[Records from a dataset]
━━━━━━━━━━━━━━━━━━━━
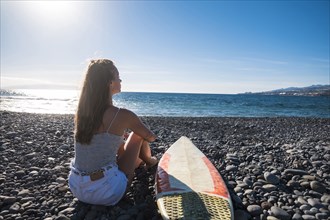 Caucasian woman sitting on beach near surfboard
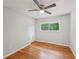 Cozy bedroom featuring hardwood floors, a ceiling fan, and a window with natural light at 2911 Allegro Nw Dr, Atlanta, GA 30318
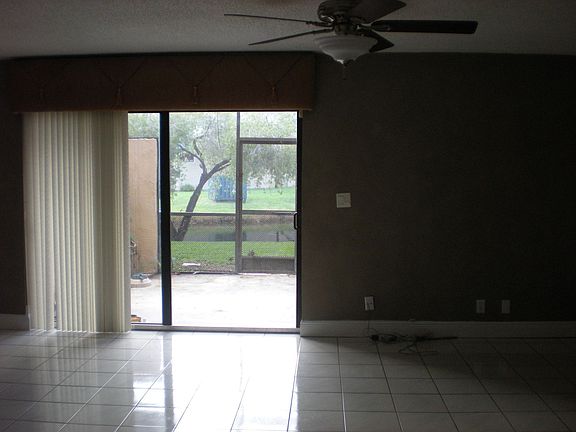 Living room view of screened patio & lake
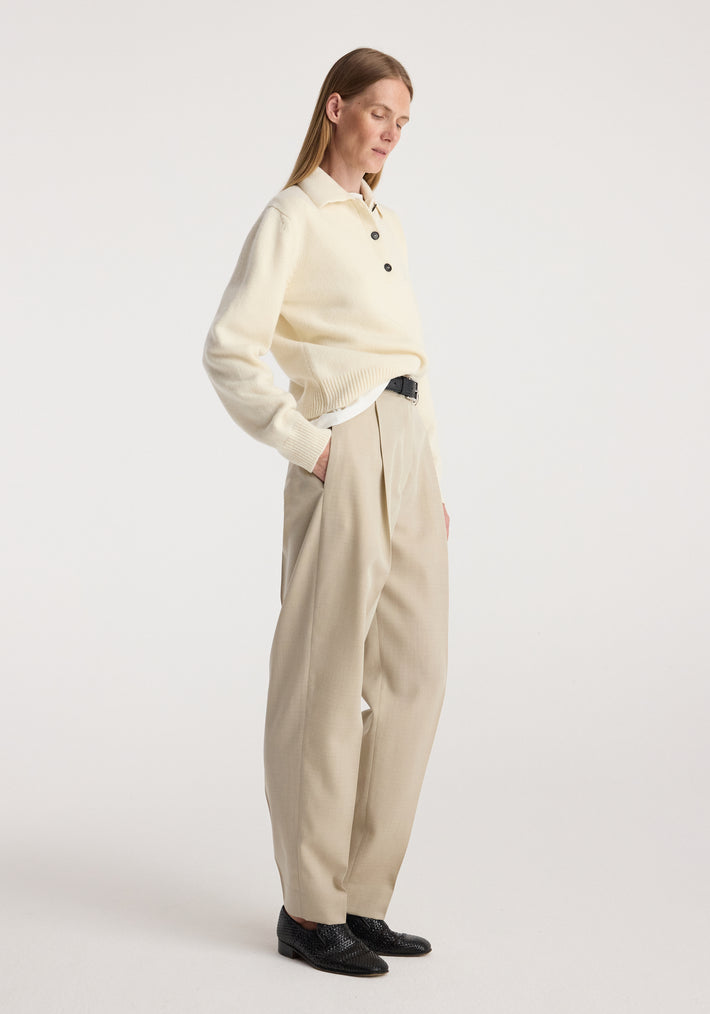 Woman wearing Daria - Single pleat straight leg trousers | butter in a neutral beige shade paired with a cream sweater and black shoes standing against a plain background.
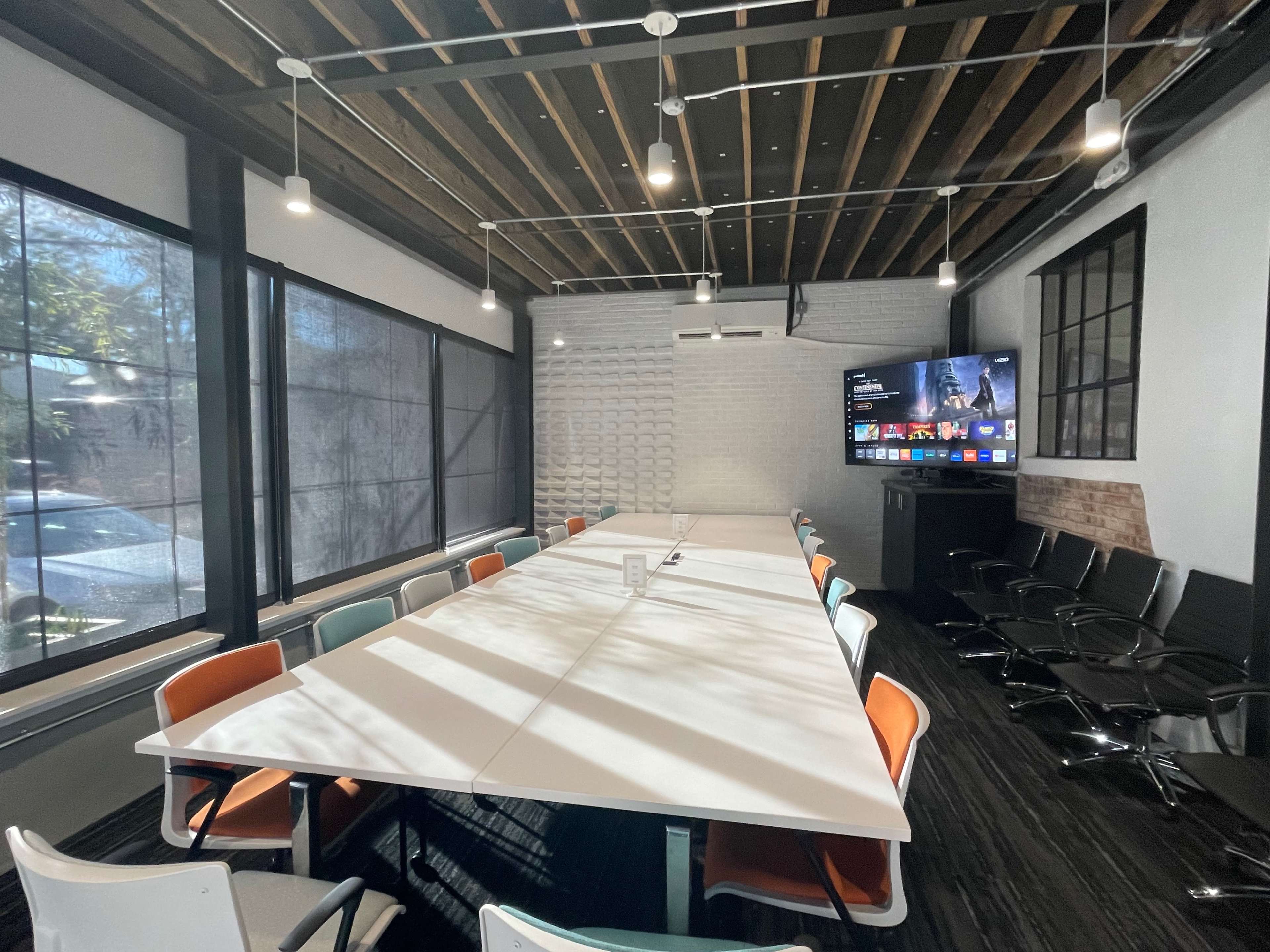 A modern conference room features a long white table surrounded by colorful chairs and a large wall-mounted screen.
━━━━━━━━━━━━━━━━━━━━
Retype the lines from the one containing "Woman wearing Daria" down to the last line of the records, both included, exactly and nothing more. Pictures stay out.

▸ YOUR SOLUTION
 Woman wearing Daria - Single pleat straight leg trousers | butter in a neutral beige shade paired with a cream sweater and black shoes standing against a plain background.
 A modern conference room features a long white table surrounded by colorful chairs and a large wall-mounted screen.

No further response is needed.